• _BRIEF_
Please copy, character for character, each line from the beginning of the listing to the line containing "An off-white short-sleeve", including both.

• _COLLECTED DATA_
★ ★ ★

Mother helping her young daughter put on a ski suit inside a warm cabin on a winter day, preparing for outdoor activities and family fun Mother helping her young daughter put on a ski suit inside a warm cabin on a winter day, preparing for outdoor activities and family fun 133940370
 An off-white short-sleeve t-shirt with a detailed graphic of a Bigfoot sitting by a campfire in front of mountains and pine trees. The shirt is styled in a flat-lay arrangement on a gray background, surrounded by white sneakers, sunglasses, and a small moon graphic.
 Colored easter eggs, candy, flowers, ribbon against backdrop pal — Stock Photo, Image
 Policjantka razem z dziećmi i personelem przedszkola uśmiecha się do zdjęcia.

★ ★ ★

• _WRITTEN RESPONSE_
Mother helping her young daughter put on a ski suit inside a warm cabin on a winter day, preparing for outdoor activities and family fun Mother helping her young daughter put on a ski suit inside a warm cabin on a winter day, preparing for outdoor activities and family fun 133940370
 An off-white short-sleeve t-shirt with a detailed graphic of a Bigfoot sitting by a campfire in front of mountains and pine trees. The shirt is styled in a flat-lay arrangement on a gray background, surrounded by white sneakers, sunglasses, and a small moon graphic.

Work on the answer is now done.